# this caad9 or this six 13 ???



## shotojs78 (May 20, 2008)

ok, I have 2 choices of bikes, here we go:

1- CAAD9 full ultegra SL with some dura ace 1300$$$$ (used - 2 weeks, too big for him) 
Mavic Ksyrium Elite 
Tires Michillan Krylon Carbon 
Crank Ultegra SL, 39/53 
*Chain Shimano Dura-Ace *
Rear Cogs Shimano Ultegra, 12-25 
Bottom Bracket FSA MegaExo 
*Front Derailleur Shimano Dura-Ace *
Headset FSA Alloy integated 
Saddle Fi'zi:k Pave Sport Mg 
Extras 2 Specialized cages, Carbon headset spacers 

2- cannondale six13 R2000 2005 brand new (This bike is old retail stock in showroom)
wheels :Campagnolo Zonda
tires: Hutchinson Fusion foldable, 700 x 23c
Crank :FSA Pro Team Issue Carbon, 39/53	
Full campagnolo centaur with record chain
Handlebars FSA WingPro
Saddle Fi'zi:k Arione Ti 1500$$$$$$

which one seems to be better ??


----------



## ping771 (Apr 10, 2006)

In my opinion, go with the CAAD9. I have never owned a Cdale, but am interested in them, but I can say this: 1) there are slight improvements on the CAAD9 over the 8, like more reinforced headtube and top tube as evidenced by the slight taper at that juncture.2) Ultegra SL is better than Centaur (I had a full Centaur group once, good not great), and Ultegra SL is definitely better shifting (you didn't specify what brake calipers and shifters on the CAAD9? Also, why an FSA BB?). 3) if indeed you have a full UItegra SL group (with the added advantage of Dura Ace chain and Front Derailleur), then you pretty much have race worthy componentry or at least more so than the Centaur equipped bike. (I also own an Ultegra and DA equipped bikes). The Ultegra SL group has been reviewed as a great groupset, with little differences from the current Dura Ace. The SL is almost as light as the DA and shifts just as well. If you're a Campy person then I guess go with the Centaur. 4) I also think the Zonda wheels might be a tad lighter than the Ksyrium Elites, but that would not be enough to persuade me to go with the CAAD8. 5) The CAAD9 may have a better fork, I'm not sure 6) do you really want to buy a 2005 bike? 7) On which bike do you like the color better?




shotojs78 said:


> ok, I have 2 choices of bikes, here we go:
> 
> 1- CAAD9 full ultegra SL with some dura ace 1300$$$$ (used - 2 weeks, too big for him)
> Mavic Ksyrium Elite
> ...


----------



## shotojs78 (May 20, 2008)

ping771 said:


> In my opinion, go with the CAAD9. I have never owned a Cdale, but am interested in them, but I can say this: 1) there are slight improvements on the CAAD9 over the 8, like more reinforced headtube and top tube as evidenced by the slight taper at that juncture.2) Ultegra SL is better than Centaur (I had a full Centaur group once, good not great), and Ultegra SL is definitely better shifting (you didn't specify what brake calipers and shifters on the CAAD9? Also, why an FSA BB?). 3) if indeed you have a full UItegra SL group (with the added advantage of Dura Ace chain and Front Derailleur), then you pretty much have race worthy componentry or at least more so than the Centaur equipped bike. (I also own an Ultegra and DA equipped bikes). The Ultegra SL group has been reviewed as a great groupset, with little differences from the current Dura Ace. The SL is almost as light as the DA and shifts just as well. If you're a Campy person then I guess go with the Centaur. 4) I also think the Zonda wheels might be a tad lighter than the Ksyrium Elites,* but that would not be enough to persuade me to go with the CAAD8. 5*) The CAAD9 may have a better fork, I'm not sure 6) do you really want to buy a 2005 bike? 7) On which bike do you like the color better?
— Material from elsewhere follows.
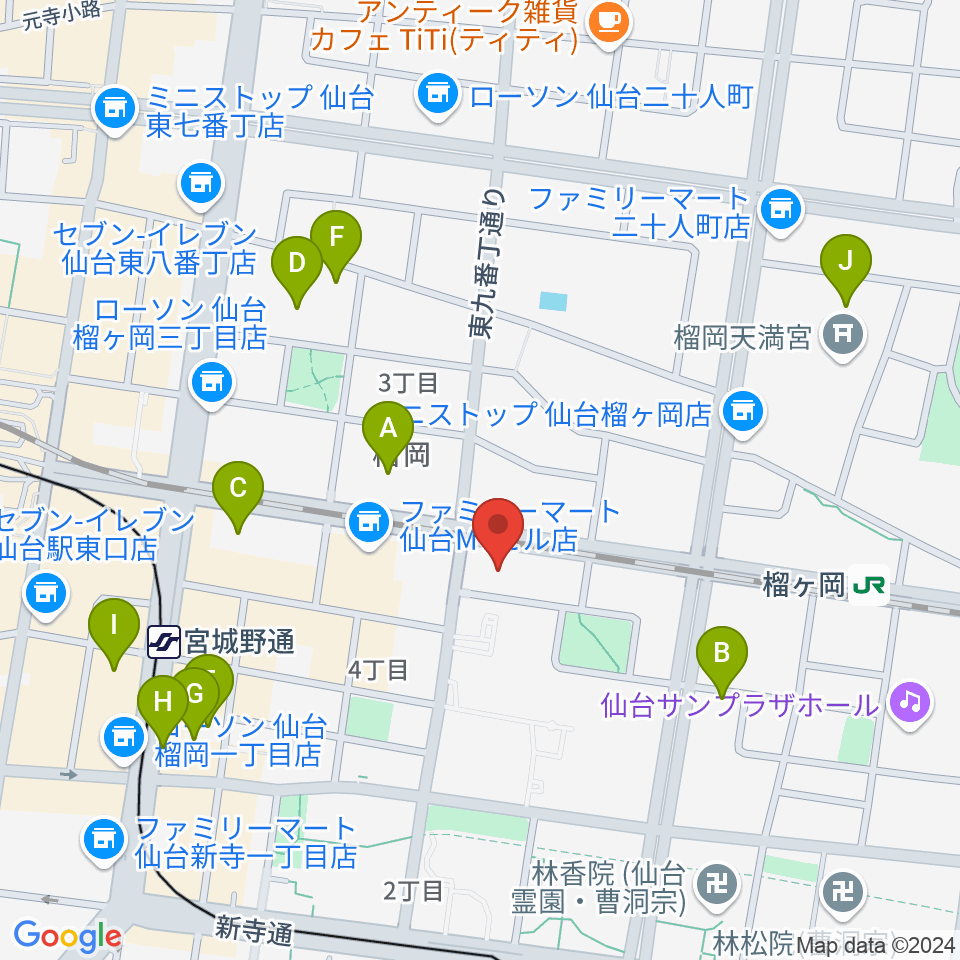 仙台音屋スタジオ＋周辺のホテル一覧地図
brake caliper and shifter are ultegra SL.....it's not a caad8 2005, it's a six 13 2005...


----------



## ping771 (Apr 10, 2006)

It changes things a bit. For me, I'd have to see both bikes. Color is important. Also if road vibration is a concern, I think that the CAAD bikes give more road feedback, resulting in the six13 a slightly more comfortable ride. Also I believe that the headtube on the six13 is taller, resulting in a slightly less aggressive position. I'd go with my gut and also determining what dealing with the seller would be like. Good luck!


----------



## ninjaslim (Apr 30, 2006)

What sort of riding do you want to do?
Is a warranty of any importance to you? (you won't get one with the s/h CAAD9)
Do you have any other Campag / or Shimano equipped bikes?


----------



## eugkim (Jul 29, 2007)

I want to preface this opinion by stating that I have never ridden either bike. One thing that I have heard, however, is that the 05 six13 had a front carbon triangle that included the seat tube. Supposedly this was not very stiff, and Cannondale changed the six13 seat tubes to aluminum in subsequent years.

Have heard nothing but good about the CAAD 9.


----------



## zamboni (Sep 11, 2003)

I would go with Six13 for warrenty purpose beside Centaur grouppo is not that bad plus great color on the frame.


----------